Richard Freedman has had a long and successful career in the racing industry being one quarter of the all-conquering FBI (Freedman Brothers Incorporated) team, a member of the racing media through SKY Channel, racing administration with the AJC and now enjoying success again as a trainer in Sydney.
I had the pleasure of speaking to Richard about his current training success and the state of racing in NSW and Australia and we also take a look back at his time with FBI and his tips on doing the form.
In the 90’s the FBI were running wild knocking up Group 1 success. How do you look back on that time?
Looking back it was really good fun, we worked really hard, harder than what other people thought at the time. It was a constant learning cycle and those lessons have made me the trainer I am today.
So many great horses of the turf through that period, do you have a favourite?
Naturalism, I was involved with him since he was yearling and I rate him second to Makybe Diva as the best horse to come under the Freedman banner. He holds very good memories for me.
Is there a betting coup story from that time?
The one that comes to mind is Sitting Bull who was a 5yo maiden racing in Canberra on a Sunday. Back then at those meetings all the big Sydney bookmakers from that period like Bill & Robbie Waterhouse would come down to field. It was the first horse Lee had under his name and they put up 33/1 we continued to back it in to 6/1. It saluted and paid for new stables for us in Melbourne.
How do you look back on your time at the AJC as executive director of racing operations and what do you consider to be your biggest achievement?
It was a learning experience on how the administration of a racing club actually works. A lot of people think they know, but it’s not until you are in there you see the workings of a race club.
I think it would have been the licensing of 80 trainers of Warwick Farm and Randwick.
With a 45%+ winning strike rate for you currently in NSW racing what do you put that down to?
You can put that down to a lot of different things. The excellent team that is currently in place, the knowledge I have acquired over the journey and the facilities we have to train the horses. Placing the horses in races where they can be competitive and also having horses that can run a bit helps! *laughs*
How do you see the current state of racing?
In NSW I think it is travelling well. We have had prizemoney increases and the facilities are good for trainers. Nationally it’s still the states running their own race. A national approach is needed however with all the states income streams from different avenues I highly doubt anything will change in the next ten years and racing will continue in its current state. I would love to see a national body to racing. I hope I’m wrong and it does happen.
What is one piece of form you like to see in a horse if you are looking to have a bet?

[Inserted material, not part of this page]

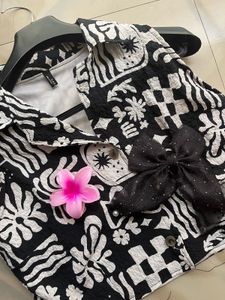 Zara Black &amp; White Print Sleeveless Top
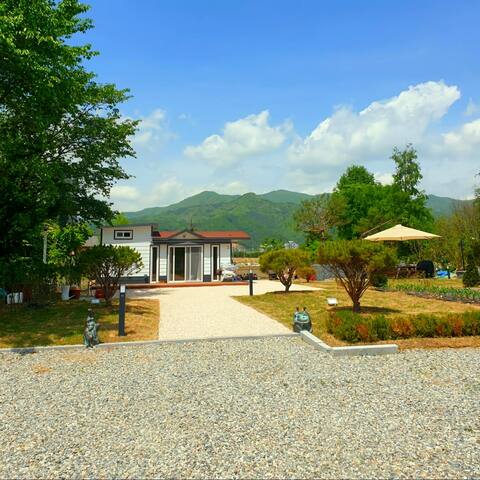 # Private campsite
# 7 minutes by car from Gapyeong Station 
# Close to famous pag
# One-room house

The stats show more horses that are above the benchmark win more races than those below. So I guess the piece of advice I can give and what I look for is does this horse have the class figures to be winning the race it is competing in today. That’s always a good starting point.
What is the next chapter of the Richard Freedman story?
I will probably go full circle again *laughs*. I would like to have no more than 30 – 40 horses in work just the quality of the horses increase. Not an easy thing to do however that is our aim at the moment.
I would like to thank Richard Freedman for the chat and wish him and the stable the best of luck going forward.